I’m Just Me: Jen’s Story of Pride, Truth, and Living Out Loud

Jennifer, a former resident of Covenant House.

There’s a moment in Jen’s story that stays with you.

She’s standing at a pay phone, feeding in a quarter, calling her mom to say something that feels big, even if she doesn’t fully have the language for it yet.

“I called my mom and said, ‘I’m bisexual. I like girls.’ And she was like, ‘Okay… and? That’s what you wasted a quarter on?’”

It wasn’t dramatic. It didn’t turn into a long conversation.

It just… moved on.

For Jen, that moment became a quiet confirmation that she could be honest and keep living.

Before the words, there was knowing

Long before she named it, Jen understood something about herself.

“I knew there was something… fruity about me,” she says, laughing with ease and no trace of embarrassment.

At eight years old, it showed up in curiosity. As she got older, it became clearer. Growing up in New York City in the 90s meant living in a world where community existed, but you had to know where to find it.

“There were so many underground groups… you heard about it, but you didn’t hear about it.”

She found her way into that world anyway. As a teenager, she became a peer educator, learning and teaching at the same time.

That work was personal.

Her mother had been living with AIDS for decades. It was a reality Jen understood from a young age, even as the full weight of it revealed itself over time.

It shaped how she saw the world. It shaped how she saw people. It shaped how she learned to speak about things others were afraid to name.

Not everything about that time felt safe.

At 15, she was assaulted for being perceived as gay.

It didn’t push her back into hiding. But it did shape how she moved through the world. She became more aware, more measured, still unwilling to deny who she was.

A life that doesn’t fit in a box

Jen says her story isn’t one note. It never has been.

She was raised across cultures, born to a Jewish mother and a Puerto Rican biological father. When her parents split, her mom remarried a Black man who she considers her dad in every way that matters.

But Jen's home was also shaped by her mom’s drug addiction.

Some parts of her world made room for her exactly as she was. Others pushed back.

Her mother met her truth with ease. Her uncle still struggles with it.

Jen doesn’t spend her energy trying to reconcile that.

“That’s his belief,” she says. “I’m just me.”

She says it plainly. Not to convince anyone. Just to be clear.

A place where nothing about you has to be hidden

By the time Jen arrived at Covenant House at 19, she wasn’t questioning who she was.

But there’s a difference between knowing yourself and feeling safe enough to live that truth out loud.

“Covenant House never judged anybody,” she says. “Once you step foot in, it’s a no-judgment zone.”

There wasn’t pressure to explain herself or edit her story.

“You are able to speak freely, be who you are… and express everything about yourself.”

For someone who grew up learning how to keep going no matter what, that kind of space creates a shift you can’t fake.
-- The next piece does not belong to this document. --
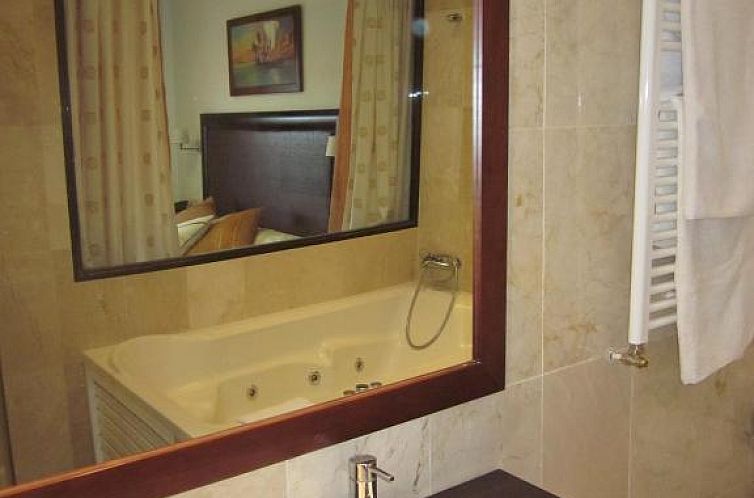 Hotel Mulhacen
“It slows you down enough to actually look at your own life,” she says. “I didn’t start talking about my story until my late 30s.”
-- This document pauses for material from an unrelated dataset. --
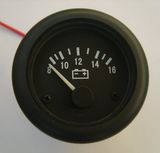 Voltmeter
But the foundation for that openness started earlier, in a place that never asked her to shrink.

Pride, without a calendar

Ask Jen what Pride Month means to her now, and she doesn’t frame it around June.

“Every day is Pride for me.”

She still shows up to Pride events, but for different reasons than she used to.
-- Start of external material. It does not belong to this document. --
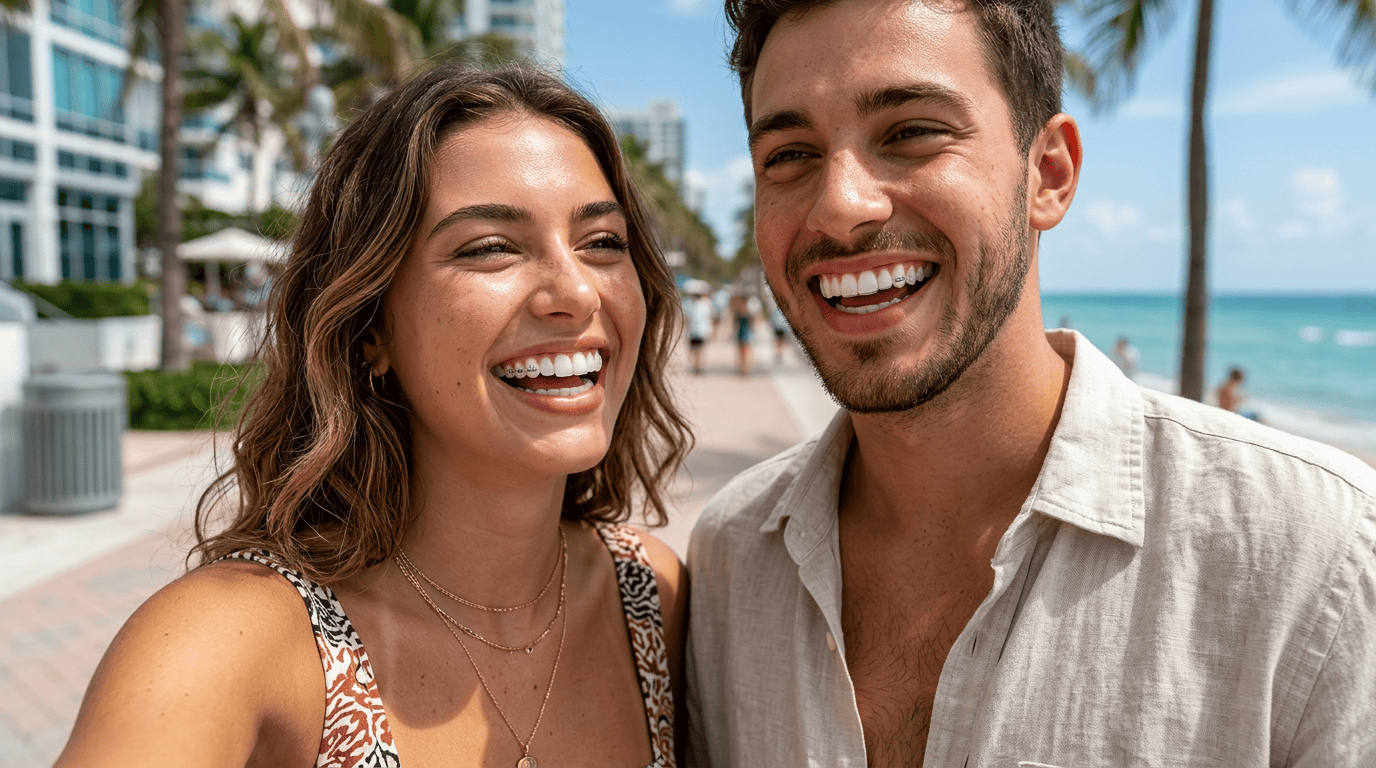 Best orthodontist near me braces invisalign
“I go to Pride to watch the couple that got married 45 years ago, when it was much harder and less accepted. I go to see people walk without hiding… the ones who fought for us to be here.”

For her, Pride is about recognition of history, of progress, of the people who made space where there once wasn’t any.

What it means to be asked, not told

Jen is clear about why spaces like Covenant House matter, especially for LGBTQ+ young people.

“People like me can start off very young with Covenant House and express how they’re feeling,” she says.

“That changes things because it means not waiting years to speak. Not carrying everything alone.”

At Covenant House, young people aren’t handed a script for who they should be.

“They ask what we want, how we feel, where we’re going,” she says.

There’s a difference between being guided and being controlled. Jen felt that difference immediately.

“That’s the point… to help people grow, not make people grow.”

“I’m just me”

Jen doesn’t reduce herself to a label.

“Being a lesbian does not define who you are,” she says.

“I’m just me.”

There’s nothing performative about it. It’s settled.

What stays with her

These days, Jen speaks about her life with a kind of clarity that only comes from time and reflection.

“This is my opportunity to open up… and live a calm life,” she says.

And when she talks about Covenant House, she keeps it simple.

“They let me shine in ways I never thought I would. Emotionally. Mentally.”

That’s what stays with her.

The space to be fully herself and to keep going without leaving any part of her behind.